If you could rearrange your town, where would you put everything?
Would you build anything differently? Would you remove things entirely? Where would the roads, parks, schools, and shops go?
This is what town planners do. They look at a town and decide what the optimal positioning for new buildings may be. They additionally examine the where, why, and when of new areas and developments to ensure the town flows as smoothly as possible.
Town planning has existed since the first settlements were built. The Egyptians utilised town planning, and the ancient Romans used grid-like plans to map out new towns.

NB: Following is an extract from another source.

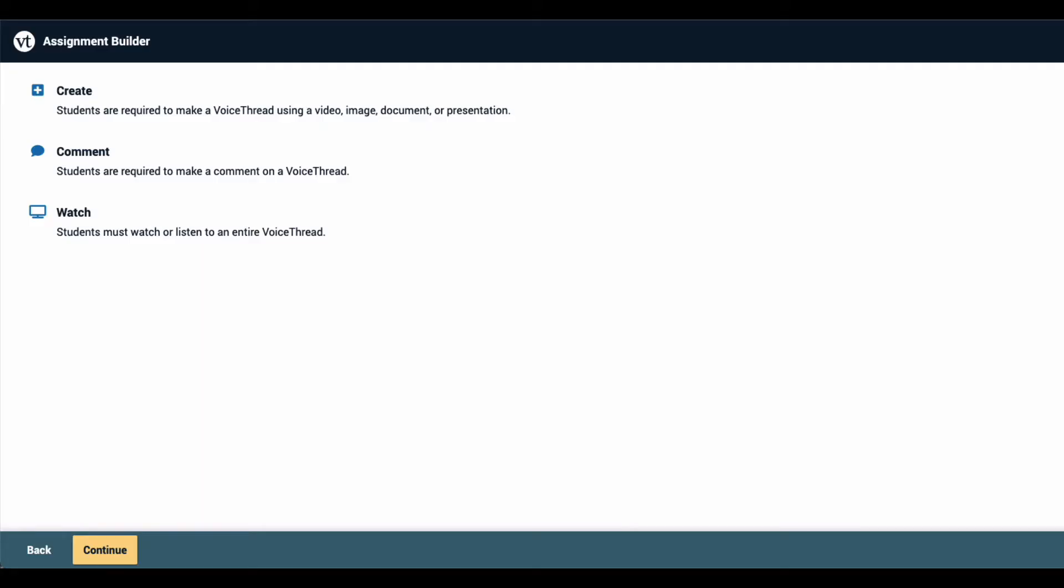To get started, from the Assignment Setup page, click Watch, and then click Continue at the bottom of the page.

In the 19th century, industrialisation led to new ideas of town planning, which provided healthier environments for workers and citizens.

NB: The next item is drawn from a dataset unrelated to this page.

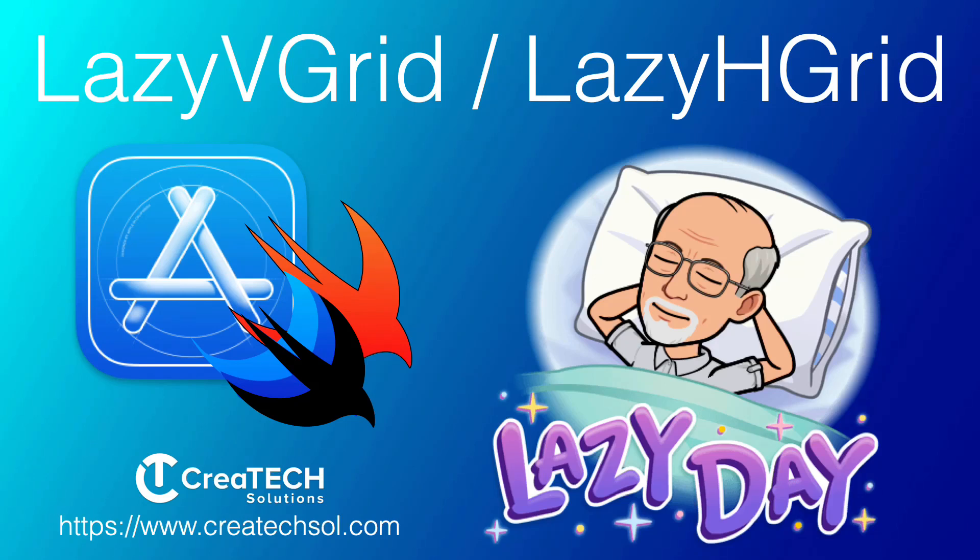Hi, my name is Stuart Lynch and in this video I'm going to take a look at Lazy V Grids and Lazy H Grids in SwiftUI.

A balancing act, town planning considers rural and urban areas’ economic, social, and environmental needs. But why do we plan so carefully? Find out here.

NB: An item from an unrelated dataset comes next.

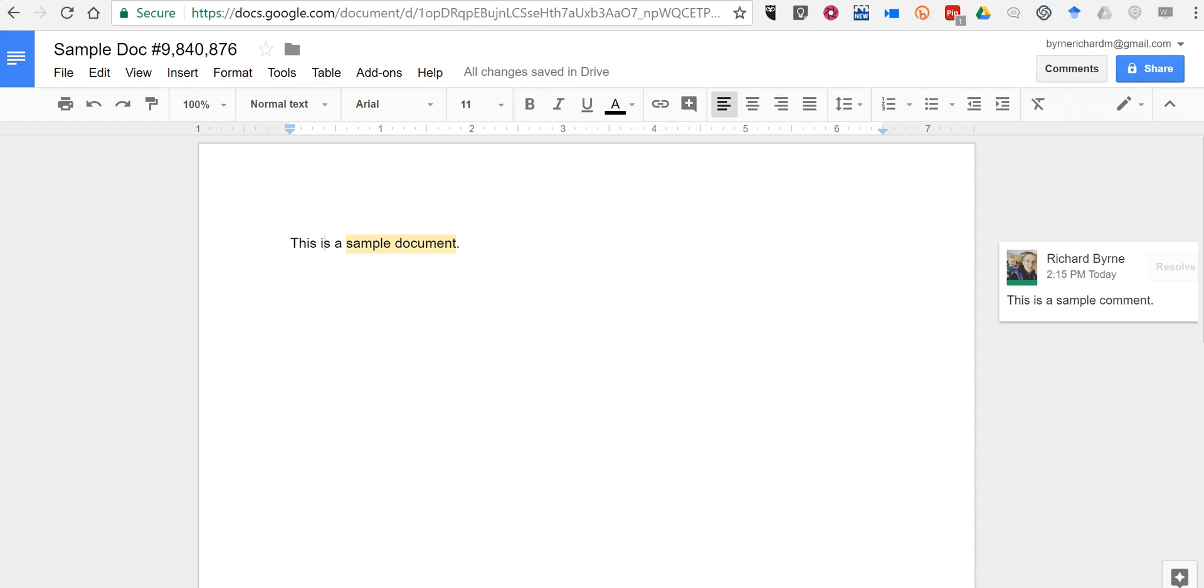Hi, I'm Richard Byrne. In this video, I want to show you how you can make copies of the comments and suggestions that people make to your Google Documents.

Laying Out Buildings and Streets
The primary role of planners is to lay out the groundwork for new buildings and streets that seamlessly interlock with the rest of the town.
Dating as far back as the 18th century, formal planning in the United Kingdom included the creation of geometrical shapes, such as squares or crescents. Squares were common in London, and other shapes, such as ovals, were noticed in Exeter.
The grid layout became increasingly popular as cities grew more expansively. In the United States, this layout was employed extensively within new cities to ensure that land was used effectively and could be expanded. Over time, the grid became a fundamental tenet of ‘master planning’, the process of designing a town layout linking homes to public places and gardens.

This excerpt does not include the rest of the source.